Season two landed on Netflix on Friday – eight glorious episodes of romance, lust, spats, posh furniture and vertigo-inducing wigs.
The brooding Duke of Hastings (Rege-Jean Page, the reason most people watched) is absent, but don’t panic. You’ll have forgotten him within five minutes.
Season two follows Lord Anthony Bridgerton (Jonathan Bailey), the eldest sibling and Viscount, as he sets out to find a wife.
He’s driven only by family duty and has impossible standards. “I do not need feeling,” he says.
“What I need is what I have, and that is a list: tolerable, dutiful, suitable enough hips for child-bearing and at least half a brain.”
Ooh Viscount, you had me at tolerable…
Unsurprisingly, his speed dating through the local corset set ends only in frustration.
Too boring, doesn’t read, bad dancer etc.
Then of course, in a tale as old as time, he runs into a mysterious, beautiful woman who vanishes on horseback into the woods without giving her name.
This is basically Cinderella.
Within ten minutes there’s a ball, obviously, and they catch sight of each other.
Except that, in a detour from the fairytale, Mystery Woman (Kate, played by Simone Ashley) has no interest in Lord Bridgerton whatsoever.
“Your character is as deficient as your horsemanship,” she scoffs. Drop the mic. Exit stage left.
So now of course he wants her. Kate meanwhile really, really doesn’t want a husband.
So how many episodes before they have sex in a lavish four-poster? Five is my bet.
However, Kate’s sister Edwina (Charithra Chandran) is in the market for a man and the handsome Viscount will do nicely.

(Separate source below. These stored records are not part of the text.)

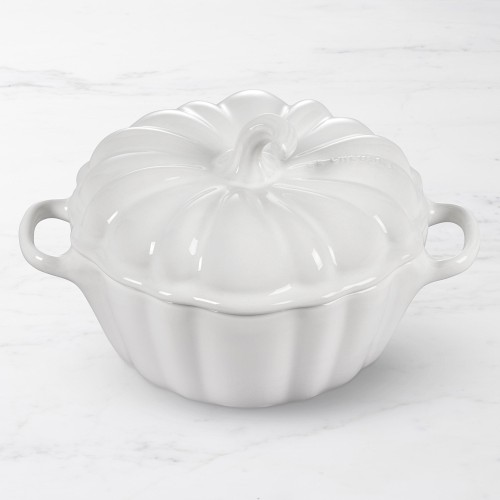 Le Creuset Stoneware Mini...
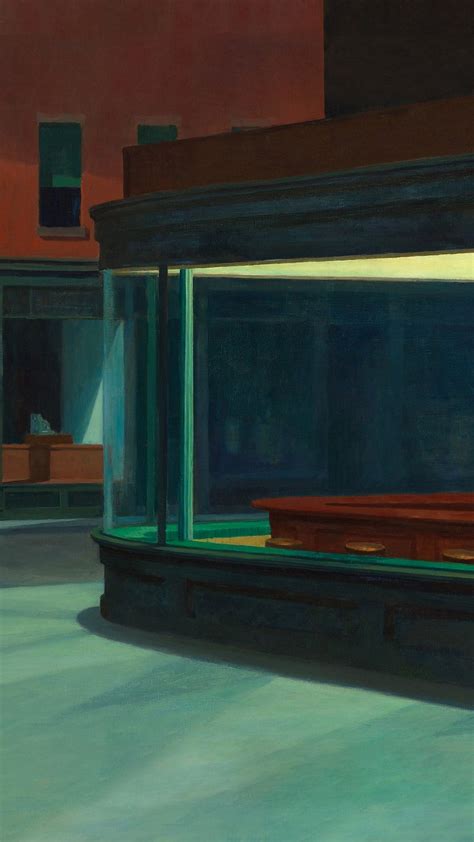 Image result for Scene Background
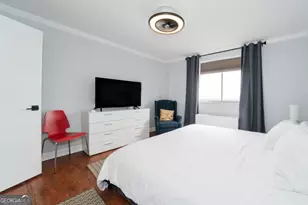 215 Piedmont Ave NE, Atlanta, GA 30308 - Photo 23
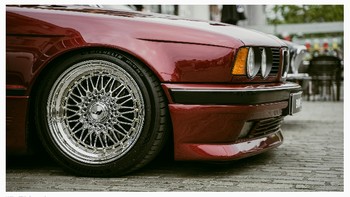 Teka-teki visual ke-16. Foto: (Bored Panda).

It’s about to get complicated.
In the meantime, Penelope (Nicola Coughlan), having been revealed as the anonymous gossip merchant Lady Whistledown (still voiced by Julie Andrews, thank god), struggles to sneak around writing her newsletters.
Turns out people get suspicious if you start bulk-buying quills.
It’s all so glossy and predictable, but I’m fully absorbed in this shiny world of beautiful people.
From the lavish set pieces – the races! the balls! – to the orchestral covers of modern hits, the sumptuous costumes and the classic enemies-to-lovers plot, this is a most suitable regency affair.